Logisticians and the ‘spirit of the age’

Defence logistics has been in a paradigm shift for the last thirty years. These times are difficult because of the pace of change, the absence of an equilibrium, people get ‘lost’ and do not know how to proceed. Outdated ideas become a refuge.

The ‘age’ is defined by the mobility of people and knowledge, dispersal of production, changing customer expectations, technological bypasses for conventional processes, short product (capability) cycles that are used for strategic advantage, cross-functional and networked organisations, alliances in shared efforts.

Trends of this ‘age’ include the move from strategic planning to strategic thinking, structure to process, physical assets to the integration and use of knowledge, single to multi-skilling, and hierarchy to networks.

The behaviours required for success in this age are cooperation rather than confrontation, cross-functional versus functional, integrated opposed to aligned, and collaborative rather than autonomic.

Success in logistics, as in any venture in this time, requires Defence to be able to take information stored passively in people’s heads and to make it accessible, actionable, useful and explicit.
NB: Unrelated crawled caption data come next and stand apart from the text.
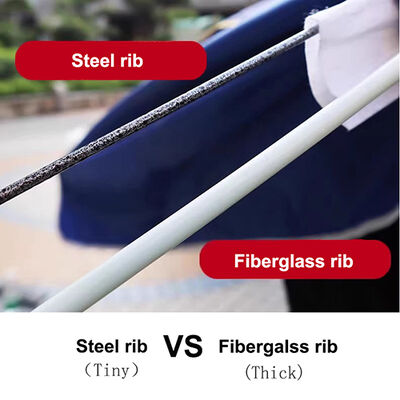 9 Feet Windproof Beach Umbrella Fibergalsss Frame Weatherproof Umbrella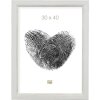 Cornice in legno S42L bianco 30x40 cm vetro premium
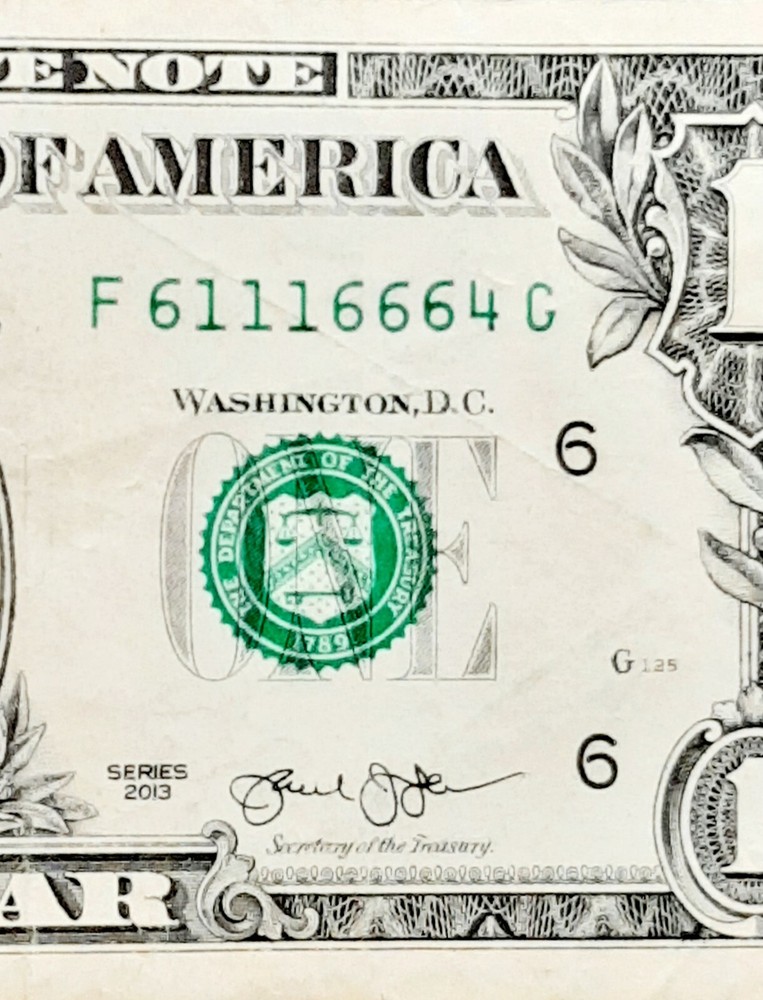 $1 ALMOST BINARY, REPEATER SERIAL 6111666 4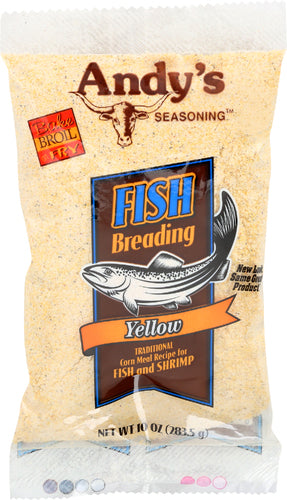 Andys 
Breading Fish Yellow, 10 OZ.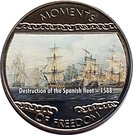 10 Dollars (Destruction of the Spanish Fleet - 1588)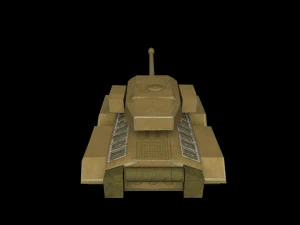 futuristic tank 3D Model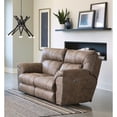 thumbnail image 2 of Catnapper Thompson Power Reclining Loveseat in Brown Polyester Fabric, 2 of 15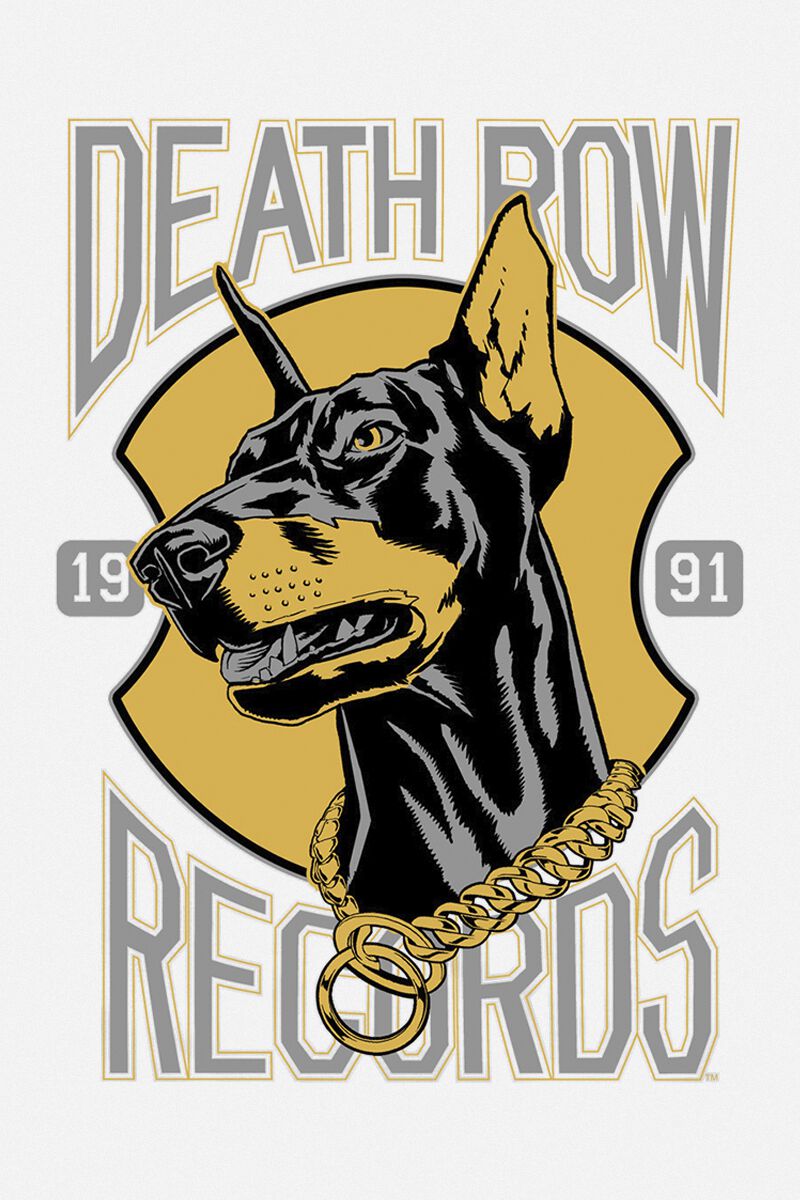 Dog Logo | Death Row Records T-Shirt Manches courtes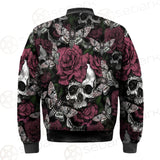 Rose Death Moth Skull SED-0105 Bomber Jacket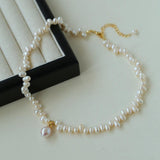 Classic Misplaced Pearl Necklace - Gembea Jewelry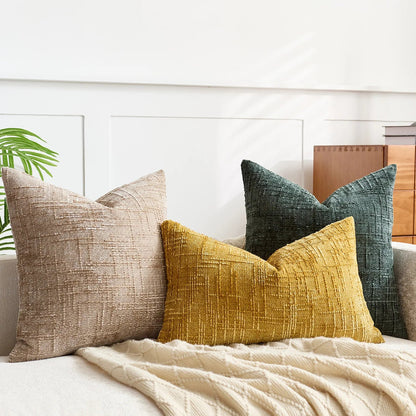 Chenille Cushion Cover | Soft Decorative Sofa Cushion Covers 1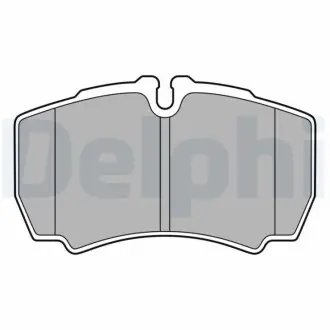 Комплект гальмівних колодок задн, FORD TRANSIT 2.2D-3.2D 04.06-12.14 Delphi LP3686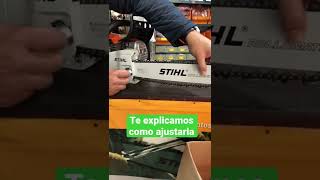 ¿Se aflojó la cadena de la motosierra Stihl Te explicamos como ajustarla correctamente  Nogalpark [upl. by Alisun]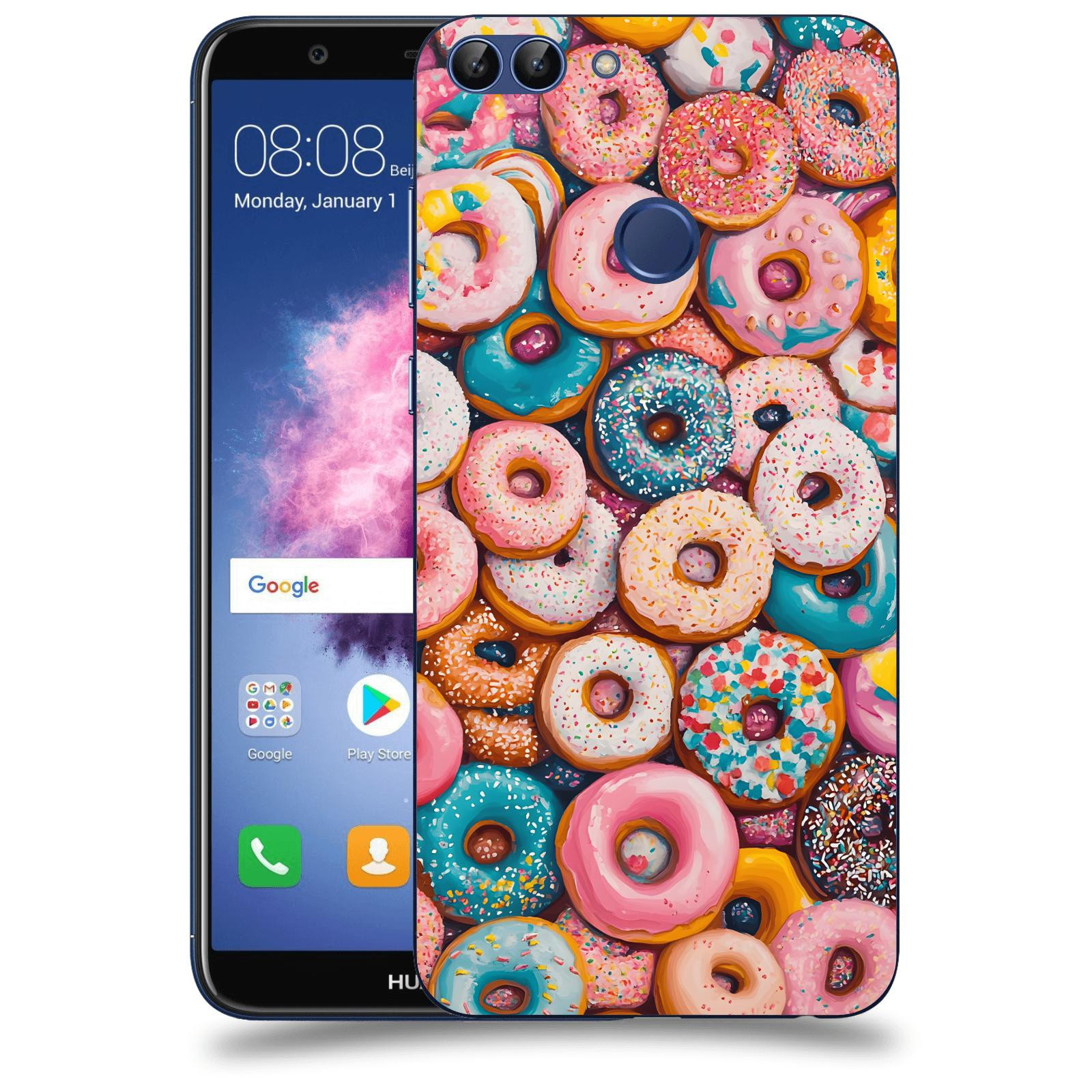 ACOVER Kryt na mobil Huawei P Smart - Donuts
This applies to human and organisational knowledge.

Logistics in the Defence context:

The logistics viewpoint is essentially that of the commander, not of technical specialists.

The cardinal sin of logistics is over-insurance.

Defence financial management is a major limiting factor on progress in all areas, especially logistics. Poor standards of management and inappropriate accountability will compromise preparedness.

Defence is a command economy where resources are allocated, and capabilities are developed, in an environment distinctly different from the corporate environment. There are no market forces, no profit imperative, no capital market test, and consequently, surpluses and deficiencies are inevitable.

The single-most important relationship (human or not) in Defence is between the capital and operating (sustainment and discretionary) budget. Strategic transformation orbits this relationship, as does force structure, capability and preparedness.

Defence logistics activity is, for the reasons above, not a high-performance activity. Areas of excellence are discrete, and often temporary.

Many logistics managers do not realise they are running a business. Many leaders do not provide these managers with the skills to do so.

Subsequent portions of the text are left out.